L'autorité du chrétien

Par Paul Hemes

Une femme, une mère est dans une chambre d'hôpital. Elle est atteinte de cancer, en phase terminale. C'est triste, et elle est triste. Elle n'a pas foi en Jésus et n'a pas l'assurance d'être sauvée. On demande à certains membres de la famille de venir prier pour elle et j'ai le privilège d'être de l'équipe. Dans cette chambre, ce jour-là, cette femme accueille pleinement Jésus et lui confie sa vie. Durant la nuit, elle a une vision à ciel ouvert. Elle voit Jésus, les anges, et elle est remplie d'une joie si grande, qu'elle en parle le lendemain à toute sa famille, et à tous ceux qui viennent la voir. Et peu après, pleine d'assurance et de joie, elle quitte ce monde pour rejoindre l'amoureux de son âme, celui qui est mort et ressuscité pour elle. Ses enfants savent qu'à la résurrection des morts ils la retrouveront et la verront vivante, éternellement vivante. Quelle autorité Dieu a donné aux humains de pouvoir ainsi annoncer Jésus, prier en son nom pour les personnes vers qui il nous envoie, et être témoins de tels miracles! Des dizaines d'années après, c'est encore dans les mémoires comme si c'était hier, pour la famille et pour nous.

Le don de l'autorité
Le second discours de Jésus dans l'Évangile de Matthieu, discours d'envoi en mission des douze, commence par ces mots: «Puis Jésus appela auprès de lui ses douze disciples et leur donna l'autorité de chasser les esprits impurs et de guérir toute maladie et toute infirmité.» (Mt 10.1).

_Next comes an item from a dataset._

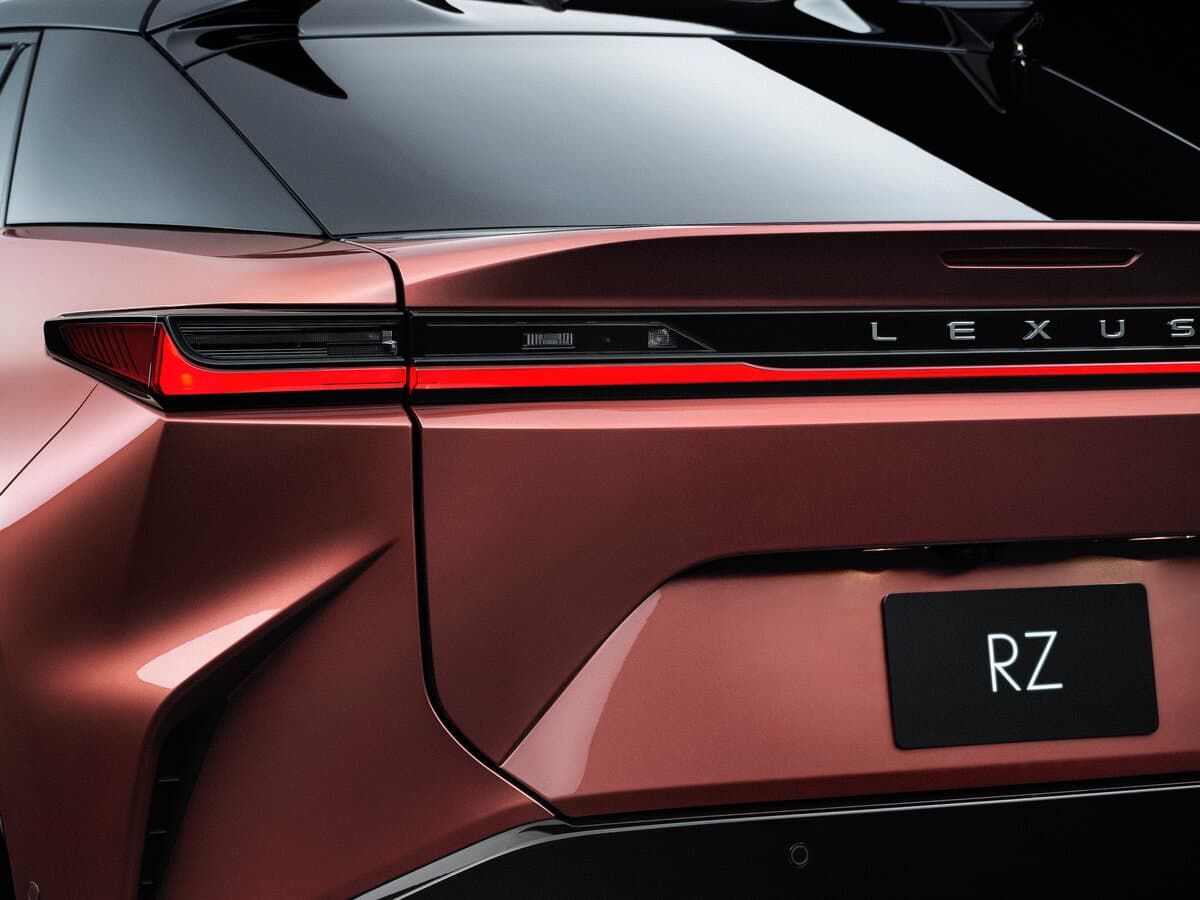 Lexus RZ 2022 – indiyədək — Detal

Jésus «leur donna l'autorité». L'autorité du chrétien est un don du Christ. Ce n'est pas une qualification liée à la naissance. Ce n'est pas le résultat automatique d'un titre ou d'une position officielle dans l'Église. L'autorité spirituelle dont il est question est celle que Jésus donne à tous les enfants du Père, ceux qui sont nés d'en haut, ceux qui ont reçu l'Esprit. C'est l'autorité pour amener la Bonne Nouvelle, l'Évangile, sur le terrain concret de la vie des gens, sous forme de guérisons, de libérations dans le cœur, l'âme et le corps. C'est l'expression sensible et visible, pour celui qui en est bénéficiaire, d'un Dieu vivant qui l'aime et qui lui et veut du bien. Ce Dieu lui a ouvert son Royaume par Jésus. Au travers du bien expérimenté, cette personne peut découvrir qu'elle est invitée chez Dieu, un Dieu qui l'aime.

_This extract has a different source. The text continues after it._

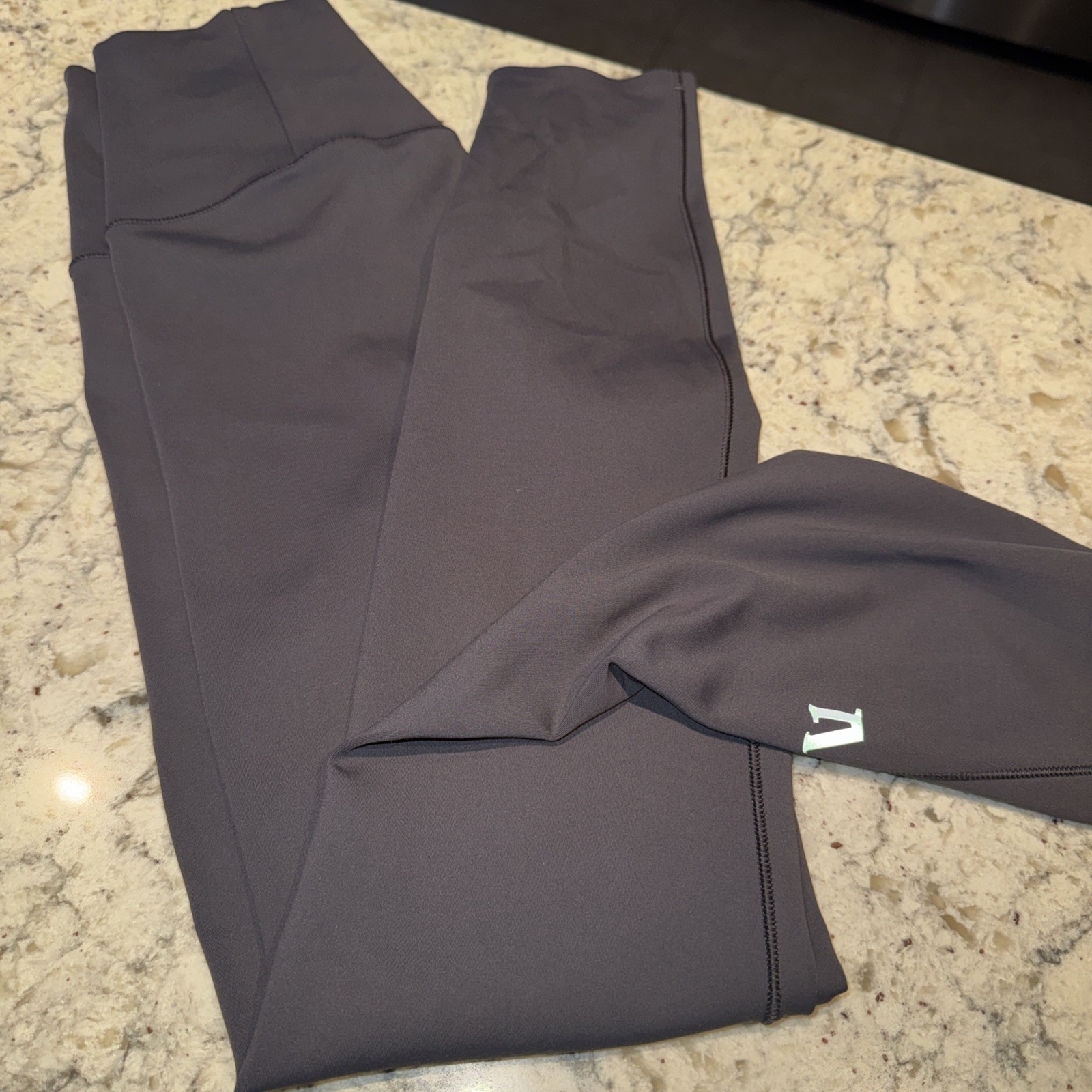 VUORI Evolve Performance Uplift Legging Pants in … - image 1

L'autorité du chrétien est un don du Christ de la même manière que l'autorité du Christ est un don du Père. Jésus le dit clairement dans les derniers mots de l'Évangile, mots qui ont des liens forts avec Mt 10:
«Toute autorité m'a été donnée au ciel et sur la terre.» (Mt 28.18). Jésus, lui aussi, a reçu l'autorité par laquelle il annonce l'Évangile et en communique les bienfaits aux hommes, femmes et enfants de Galilée, en guérisons et libérations.
Il n'y a ici aucun langage de «prise d'autorité» de luttes pour gagner l'autorité, ni de techniques, ou procédés en 10 points pour se fabriquer une autorité spirituelle. Un don s'accueille dans la foi, la gratitude et l'humilité des enfants du Père. Le don de l'autorité spirituelle pour communiquer l'Évangile et ses bienfaits, ne vient pas de nous, ni des hommes, mais de Jésus Christ.

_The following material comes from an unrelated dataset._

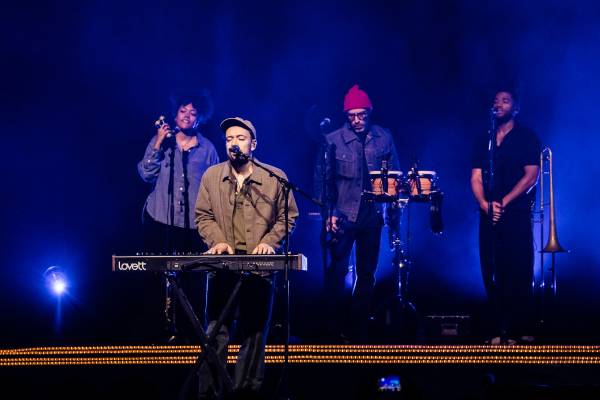 Mumford & Sons à Antwerpen (AFAS Dome), le 13-11-2025, par Jürgen Bruynooghe — 14 sur 28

Le don de l'intimité «Dieu nous appelle à lui de manière si décisive, que tout ce que nous sommes, tout ce que nous faisons et tout ce que nous possédons, est investi avec consécration, dynamisme et direction dans une vie vécue à son service, comme réponse à cette convocation.»1
Tous les appels de Dieu sont fondés sur ce premier appel. Le don de l'autorité est précédé par cette invitation à aller vers Jésus de cette manière-là. La croissance dans l'exercice du don de l'autorité pour le bien des autres, va de pair avec la croissance du désir à répondre au premier appel: aller à Jésus.

Pour mieux cerner ce lien entre autorité donnée et l'appel à aller à Jésus, il est pertinent de se référer au texte parallèle dans l'Évangile de Marc. (Mc 3.13-14) Ici aussi Jésus appelle «auprès de lui» ceux qu'il veut (3.13), et puis
«Il en établit douze pour qu'ils soient avec lui et les envoyer prêcher, avec l'autorité pour chasser les démons.» (3.14). Avant de les envoyer prêcher avec autorité pour la libération, il y a ces petits mots: «pour qu'ils soient avec lui.» Le don de l'autorité est précédé de l'invitation à «être avec lui», c'est-à-dire une invitation à la relation de proximité, à l'intimité avec Jésus. Le don de l'autorité est précédé du don de l'intimité. L'intimité avec Jésus est le berceau de l'autorité.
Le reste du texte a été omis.